[Exercise directions] Print each record below precisely, with every picture left out of the copy.

[Web page caption snippets]

= Beginning of Section =

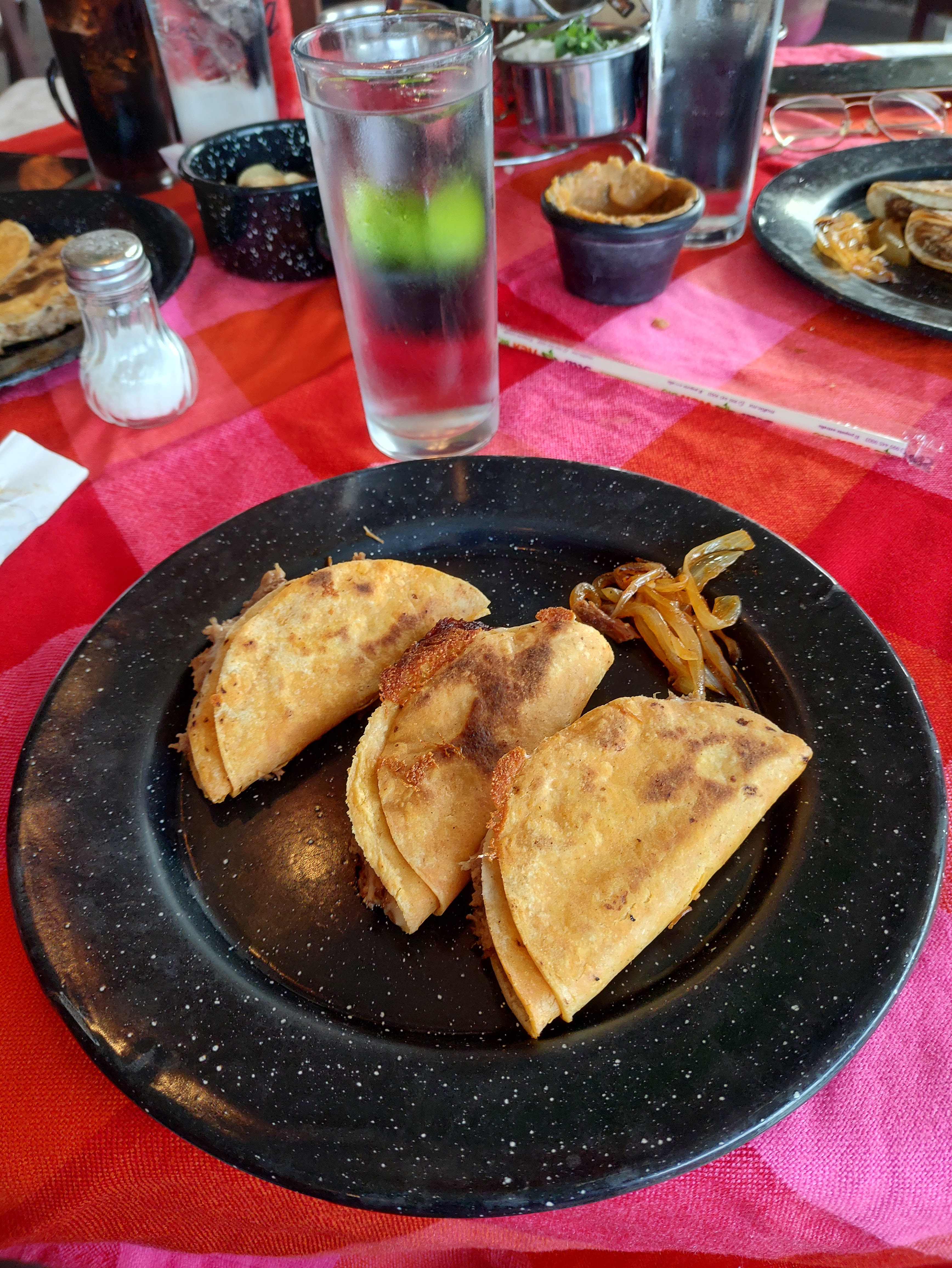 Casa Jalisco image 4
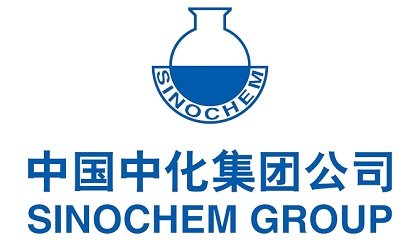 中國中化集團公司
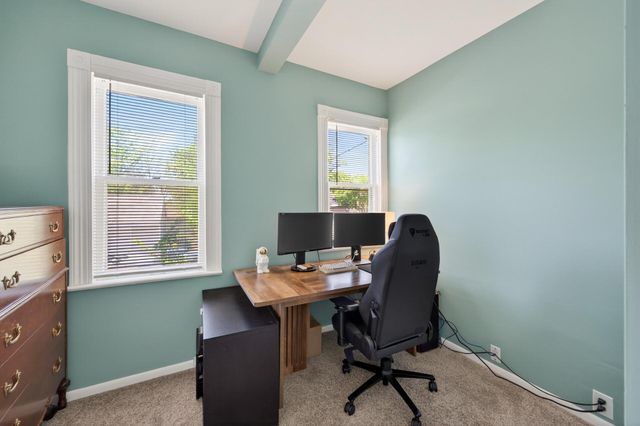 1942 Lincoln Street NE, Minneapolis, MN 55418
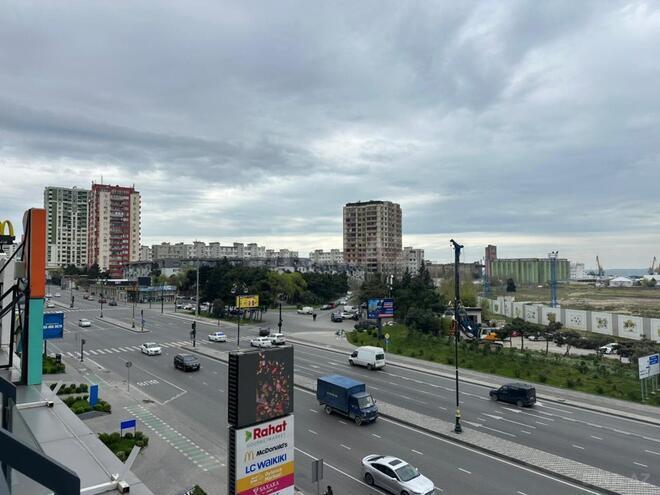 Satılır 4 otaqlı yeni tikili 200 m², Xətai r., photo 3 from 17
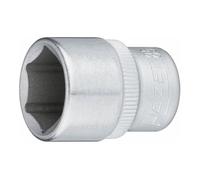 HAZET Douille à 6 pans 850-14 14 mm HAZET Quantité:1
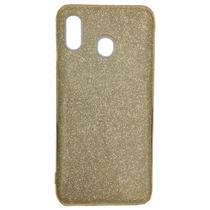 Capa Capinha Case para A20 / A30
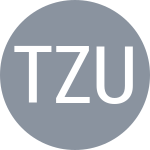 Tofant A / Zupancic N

= End of Section =

[Response to this task]
 Casa Jalisco image 4
 中國中化集團公司
 1942 Lincoln Street NE, Minneapolis, MN 55418
 Satılır 4 otaqlı yeni tikili 200 m², Xətai r., photo 3 from 17
 HAZET Douille à 6 pans 850-14 14 mm HAZET Quantité:1
 Capa Capinha Case para A20 / A30
 Tofant A / Zupancic N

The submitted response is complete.